In addition to the identification of candidate genes by using the data to build detailed pathways of genes involved in lung injury, expression profiling using high-throughput microarray technology has the potential to distinguish disease subtypes, to follow the expression of genes across a time- and/or dosage-dependent gradient when exposed to a stimulus to reveal the complex control processes taking place in an individual cell, and it is also useful in validating genetic studies (34). A thorough review of genomic studies in lung injury was recently presented by Wurfel (96), and there are increasing numbers of reports demonstrating the utility of this tool.

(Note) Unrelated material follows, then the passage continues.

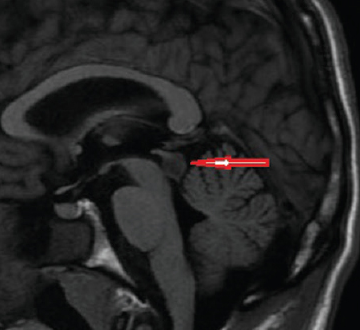 Tectal Glioma Symptoms, Causes, Prognosis, Treatment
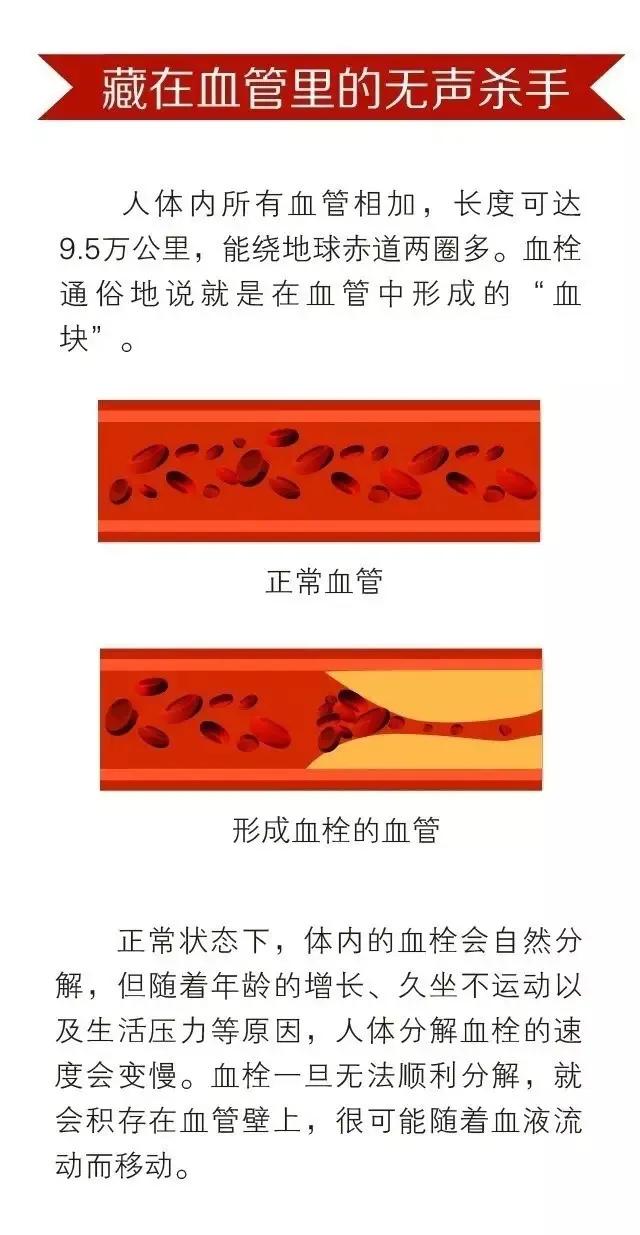 茶水是最好的“抗血栓药”？远离血栓，五点秘诀要记本上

Despite the enormous promise of this revolutionary technology, there are potential pitfalls and inherent difficulties in interpreting data from microarray-based, genome-wide expression studies. These may include difficulties in defining normal expression because of 1) heterogeneity of disease in the patients from which the samples were selected; 2) heterogeneity of the target tissue; 3) difficulties in establishing statistically valid comparability; and 4) cross platform variability (50, 93). Human subject research in ALI using high-throughput expression profiling is constrained given that collection of lung biopsies from critically ill patients is not feasible on a large scale, certainly to the extent that collection of material such as bronchoalveolar lavage-derived cell collection is from smokers and patients with other types of lung disease such as scleroderma or acute lung transplant rejection (96).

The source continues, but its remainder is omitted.